A new report by sustainability marketing firm Yard tracking the private jet use among celebrities and released last week found that Swift’s plane has taken 170 flights between January 1 and July 19, 2022. The estimated resulting CO2 amassed over a total flight time of 22,923 minutes in the air (15.9 days) is 1185 times more than the average person’s total annual emissions. Meanwhile, her representative told media outlet The Rolling Stone that,

“Taylor’s jet is loaned out regularly to other individuals. To attribute most or all of these trips to her is blatantly incorrect."

Top ten offenders

Coming in as runner-up on the non-too-prestigious list is boxing legend Floyd Mayweather Jr's jet, a Gulfstream G-IV that has emitted 7077 tonnes so far this year. It also claims the title belt for shortest flight - a ten-minute hop to Las Vegas, emitting one tonne of CO2.

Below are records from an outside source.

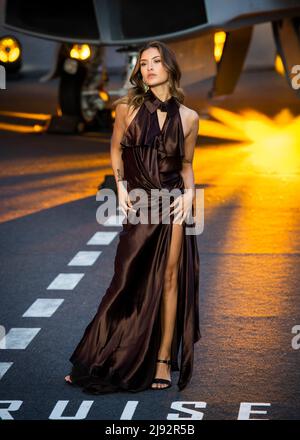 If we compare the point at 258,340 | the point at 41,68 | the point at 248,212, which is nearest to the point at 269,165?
the point at 248,212

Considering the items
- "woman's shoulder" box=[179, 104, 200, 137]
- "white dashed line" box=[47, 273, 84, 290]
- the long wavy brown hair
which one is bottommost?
"white dashed line" box=[47, 273, 84, 290]

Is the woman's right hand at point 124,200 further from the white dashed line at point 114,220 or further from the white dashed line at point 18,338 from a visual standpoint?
the white dashed line at point 114,220

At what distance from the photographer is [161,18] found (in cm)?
1248

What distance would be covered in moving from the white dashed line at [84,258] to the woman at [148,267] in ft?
9.11

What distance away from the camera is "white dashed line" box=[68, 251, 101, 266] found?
26.7ft

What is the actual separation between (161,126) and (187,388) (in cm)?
125

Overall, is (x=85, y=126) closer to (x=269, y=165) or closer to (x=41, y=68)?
(x=269, y=165)

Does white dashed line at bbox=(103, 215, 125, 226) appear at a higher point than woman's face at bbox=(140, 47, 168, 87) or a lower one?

Jay-Z's $40 million Bombardier Challenger 850 racks up the third most miles. Rounding up the top five celebrity private jet polluters are Alex Rodriguez, aka A-Rod, and country singer Blake Shelton. Steven Spielberg, Kim Kardashian, Mark Wahlberg, Oprah Winfrey, and Travis Scott are the remainder of the top ten (which, ironically enough, Kardashian's younger half-sister and mother of Scott's child, Kylie Jenner, did not make - she is only 19th overall).

Lack of personal accountability exacerbates divide

Private jet yearly emissions equal those of the entire country of Denmark. While this is nowhere near the pollution from large corporations and industries such as animal agriculture and fast fashion, what gets people riled up is the apparent disregard for the personal carbon footprint. Chris Butterworth, Digital Sustainability Director at Yard, commented on the study,

“It’s easy to get lost in the dazzling lives of the rich and famous, but unfortunately, they’re a massive part of the CO2e problem we have with the aviation industry. Aviation is responsible for 2.4% of human-produced CO2e every year, and research shows a vast divide between the super-rich and the rest of us regarding flights, travel, and even general emissions."

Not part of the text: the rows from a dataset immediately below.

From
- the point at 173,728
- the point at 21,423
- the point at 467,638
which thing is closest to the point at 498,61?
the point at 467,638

Money offer not enough to stop tracking Musk

The data used in the study comes from an automated Twitter account called @CelebJets, which tracks the movements of the private jets of the rich and famous (such as the Boeing 767 belonging to Drake.) It is run by a student coder at the University of Central Florida named Jack Sweeney.

Elon Musk has reportedly offered him $5,000 to stop tracking his movements. However, Sweeney told Bloomberg in January this year that that sum wasn't going to cut it. Too bad Musk got cold feet when it came to buying the social media network. Had the deal gone through, he could simply have blocked Sweeney's account.